MongoDB – Fixing Mongo Import Error: Exception: Read Error or Input Line Too Long

mongodbsharding

I have a shareded collection which I'm trying to migrate from an existing production Cluster running v 2.4 to a new one running 2.6.

As both clusters are shareded, I'm using mongoexport from the old and mongoimport to the new so the data will go through the config servers.
The way I'm doing it is the call mongoexport process and pipe the results into mongoimport process.

I'm guessing that the export | import process affects the size of the exported json which fails to be imported back to the new cluster.
Is there any way I can avoid having this problem or even ignore some documents that cause this error? (I'd rather lose a few than lost all 8 million records).

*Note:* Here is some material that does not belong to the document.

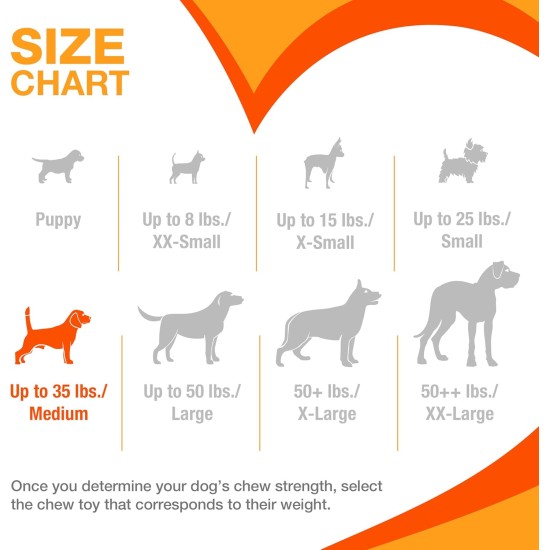 Nylabone Nylabone Dura Chew Textured Beef Jerky Power Chew - Dog Chew Toy for Extreme Chewers - XL Nylabone Nylabone Dura Chew Textured Beef Jerky Power Chew - Dog Chew Toy for Extreme Chewers - XL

Is there a way to go around this?

Thanks in advance

Best Answer

For data migration (or backup) between MongoDB servers, you should be using mongodump and mongorestore (binary backups) rather than mongoimport/mongoexport (text backups).

Backups (and restores) of sharded collections need to be done through a mongos.

There are several reasons to use mongodump/mongorestore:

  • binary backups preserve type fidelity in your BSON documents; mongoexport to a text format can lose type information because JSON can only represent a subset of the BSON types

  • you can dump/restore full databases (rather than being limited to a single collection)

  • information on index definitions is included so they can be recreated by mongorestore

If you're trying to do a live migration by dumping/exporting records, this is going to be problematic because your dump will not represent a single point in time if there is write activity on the collections you are dumping.

You definitely want to disable the balancer on the source cluster before taking your mongodump, to ensure there are no active data migrations.

You may also want to look into a live migration tool like hydra.